Top of Provided information

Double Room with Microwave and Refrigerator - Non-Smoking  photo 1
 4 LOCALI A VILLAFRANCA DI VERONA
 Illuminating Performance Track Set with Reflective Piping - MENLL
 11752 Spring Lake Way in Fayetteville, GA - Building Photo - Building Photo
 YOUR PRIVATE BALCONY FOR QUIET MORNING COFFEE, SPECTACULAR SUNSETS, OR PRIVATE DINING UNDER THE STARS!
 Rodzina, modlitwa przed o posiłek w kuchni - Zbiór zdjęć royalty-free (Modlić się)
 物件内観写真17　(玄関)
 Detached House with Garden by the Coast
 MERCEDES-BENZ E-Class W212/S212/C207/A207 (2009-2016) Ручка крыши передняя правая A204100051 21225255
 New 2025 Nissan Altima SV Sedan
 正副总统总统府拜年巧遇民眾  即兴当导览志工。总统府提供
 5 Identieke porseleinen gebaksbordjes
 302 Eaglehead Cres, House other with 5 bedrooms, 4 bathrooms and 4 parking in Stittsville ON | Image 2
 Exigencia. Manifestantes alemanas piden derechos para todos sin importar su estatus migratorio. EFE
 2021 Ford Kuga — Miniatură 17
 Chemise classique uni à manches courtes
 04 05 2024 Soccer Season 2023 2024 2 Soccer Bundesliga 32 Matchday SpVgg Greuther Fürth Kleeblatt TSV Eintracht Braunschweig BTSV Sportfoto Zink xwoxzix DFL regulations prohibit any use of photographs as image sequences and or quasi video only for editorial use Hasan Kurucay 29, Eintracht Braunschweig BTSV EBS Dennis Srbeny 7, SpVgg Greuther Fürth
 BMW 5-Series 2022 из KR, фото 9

Bottom of Provided information

Required work.
Reproduce only the lines above spanning from the line containing "4 LOCALI A VILLAFRANCA DI VERONA" through the line containing "Chemise classique uni à manches courtes", word for word.

Your solution.
 4 LOCALI A VILLAFRANCA DI VERONA
 Illuminating Performance Track Set with Reflective Piping - MENLL
 11752 Spring Lake Way in Fayetteville, GA - Building Photo - Building Photo
 YOUR PRIVATE BALCONY FOR QUIET MORNING COFFEE, SPECTACULAR SUNSETS, OR PRIVATE DINING UNDER THE STARS!
 Rodzina, modlitwa przed o posiłek w kuchni - Zbiór zdjęć royalty-free (Modlić się)
 物件内観写真17　(玄関)
 Detached House with Garden by the Coast
 MERCEDES-BENZ E-Class W212/S212/C207/A207 (2009-2016) Ручка крыши передняя правая A204100051 21225255
 New 2025 Nissan Altima SV Sedan
 正副总统总统府拜年巧遇民眾  即兴当导览志工。总统府提供
 5 Identieke porseleinen gebaksbordjes
 302 Eaglehead Cres, House other with 5 bedrooms, 4 bathrooms and 4 parking in Stittsville ON | Image 2
 Exigencia. Manifestantes alemanas piden derechos para todos sin importar su estatus migratorio. EFE
 2021 Ford Kuga — Miniatură 17
 Chemise classique uni à manches courtes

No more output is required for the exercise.